The common thread throughout the program was how to work through divergent expectations of privacy in the workplace.
Expectations of Privacy
This expectation of privacy informs whether online activity on company time is cyberloafing that can translate into a type of employee time theft, or whether efforts to monitor reasonable online activity is in fact cyberspying that stomps on the privacy rights of individuals.
At the end of the day, it’s all a matter of perspective: age, generation, living near quick and cheap internet access, as well as how much you participate socially and consume information online and thus see it as everyday behaviour. For most millennials and employees now entering the workforce, it’s just part of life – how can you quickly access information and your professional network without regular, if not frequent online activity? The theory is that time spent on a quick tweet or text is counter-balanced by the benefits and increased efficiency on work related tasks.
And that’s assuming you can pull apart what is a personal versus professional task. It’s now old news that so many of us blur our professional and personal lives, and that the online universe is very much the driving engine of this new reality. That doesn’t mean, however, that any clear answers have emerged to answer how to balance employee privacy with the employer’s need to ensure security of its electronic assets, or how to balance personal online activity during the work day with the relentless demand of work after hours.
How to Monitor (Spy on) Your Employee
The practical question discussed in the Cyberloafing & Cyberspying conference today was whether an employer had the right to monitor its employees’ online activity, and if yes, how to do so within the limits of the law. A brief blog post couldn’t capture the full hour and a half discussion, but suffice it to say that there was general consensus that the starting point is to always consider what is the purpose for monitoring an employee’s online workplace activity.
If the purpose is a targeted, covert operation to build a case against an employee without any reasonable cause to suspect problem behaviour, an employer will run up against serious evidentiary and procedural problems, let alone privacy law complaints.

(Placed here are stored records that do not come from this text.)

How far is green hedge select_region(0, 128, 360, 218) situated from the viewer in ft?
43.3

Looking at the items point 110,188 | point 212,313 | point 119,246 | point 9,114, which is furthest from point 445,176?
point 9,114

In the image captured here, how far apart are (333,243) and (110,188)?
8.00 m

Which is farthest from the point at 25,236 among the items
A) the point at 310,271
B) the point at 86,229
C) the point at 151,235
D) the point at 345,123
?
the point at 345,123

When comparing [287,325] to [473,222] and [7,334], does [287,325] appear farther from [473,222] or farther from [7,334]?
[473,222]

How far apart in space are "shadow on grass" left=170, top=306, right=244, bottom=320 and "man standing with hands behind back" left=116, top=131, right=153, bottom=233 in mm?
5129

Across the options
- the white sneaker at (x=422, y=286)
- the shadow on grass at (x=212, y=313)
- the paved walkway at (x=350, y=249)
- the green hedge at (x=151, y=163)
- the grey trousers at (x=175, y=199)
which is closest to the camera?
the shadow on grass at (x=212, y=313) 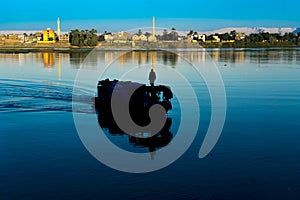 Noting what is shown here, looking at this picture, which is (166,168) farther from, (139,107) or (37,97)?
(37,97)

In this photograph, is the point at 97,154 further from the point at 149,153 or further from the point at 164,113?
the point at 164,113

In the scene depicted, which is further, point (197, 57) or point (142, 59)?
point (197, 57)

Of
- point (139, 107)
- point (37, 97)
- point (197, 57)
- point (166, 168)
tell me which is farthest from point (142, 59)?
point (166, 168)

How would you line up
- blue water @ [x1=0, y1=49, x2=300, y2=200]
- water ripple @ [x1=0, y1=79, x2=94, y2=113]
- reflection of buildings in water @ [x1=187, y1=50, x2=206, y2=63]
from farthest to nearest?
reflection of buildings in water @ [x1=187, y1=50, x2=206, y2=63]
water ripple @ [x1=0, y1=79, x2=94, y2=113]
blue water @ [x1=0, y1=49, x2=300, y2=200]

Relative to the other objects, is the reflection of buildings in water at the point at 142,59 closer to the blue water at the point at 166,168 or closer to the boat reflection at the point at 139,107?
the boat reflection at the point at 139,107

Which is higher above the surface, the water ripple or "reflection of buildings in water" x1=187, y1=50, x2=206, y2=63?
"reflection of buildings in water" x1=187, y1=50, x2=206, y2=63

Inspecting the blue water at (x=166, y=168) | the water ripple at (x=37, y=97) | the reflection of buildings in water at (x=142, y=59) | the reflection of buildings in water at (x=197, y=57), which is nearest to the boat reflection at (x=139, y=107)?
the blue water at (x=166, y=168)

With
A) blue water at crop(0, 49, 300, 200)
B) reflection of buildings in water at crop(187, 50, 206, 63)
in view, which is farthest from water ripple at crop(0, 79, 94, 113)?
reflection of buildings in water at crop(187, 50, 206, 63)

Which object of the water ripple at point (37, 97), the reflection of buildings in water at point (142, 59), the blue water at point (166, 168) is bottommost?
the blue water at point (166, 168)

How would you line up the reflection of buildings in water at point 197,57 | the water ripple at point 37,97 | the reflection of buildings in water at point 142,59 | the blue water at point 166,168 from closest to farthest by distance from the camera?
the blue water at point 166,168
the water ripple at point 37,97
the reflection of buildings in water at point 142,59
the reflection of buildings in water at point 197,57

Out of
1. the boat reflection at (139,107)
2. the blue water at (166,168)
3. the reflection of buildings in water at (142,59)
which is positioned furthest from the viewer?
the reflection of buildings in water at (142,59)

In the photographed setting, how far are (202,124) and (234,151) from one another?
492 centimetres

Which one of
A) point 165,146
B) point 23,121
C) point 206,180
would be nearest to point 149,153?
point 165,146

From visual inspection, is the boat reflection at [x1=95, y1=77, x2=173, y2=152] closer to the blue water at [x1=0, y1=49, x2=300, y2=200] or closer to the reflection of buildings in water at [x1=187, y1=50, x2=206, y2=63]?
the blue water at [x1=0, y1=49, x2=300, y2=200] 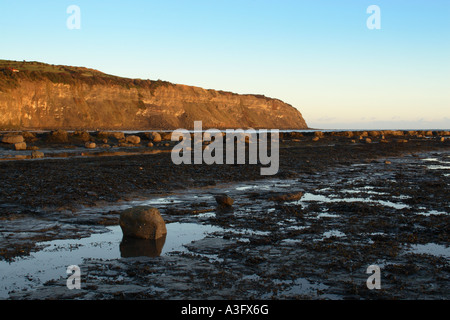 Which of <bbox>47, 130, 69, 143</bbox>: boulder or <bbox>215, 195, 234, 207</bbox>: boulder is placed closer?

If, however, the purpose of the monitoring is part of a system-wide, random audit of the company’s server and electronic systems generally, and employees are put on notice that such regular monitoring shall be conducted for the purpose of system security, the odds are that the employee will have difficulty making a case for any cyberspying-type activity.
Most monitoring/spying falls in a grey area between these two extremes. As with so many privacy and online issues, the context and purpose for gathering the information is critical, and should be the starting point for most online monitoring of employees, but is only the tip of the iceberg of the various land mines (and/or vast opportunities) of which to be aware in the new online world.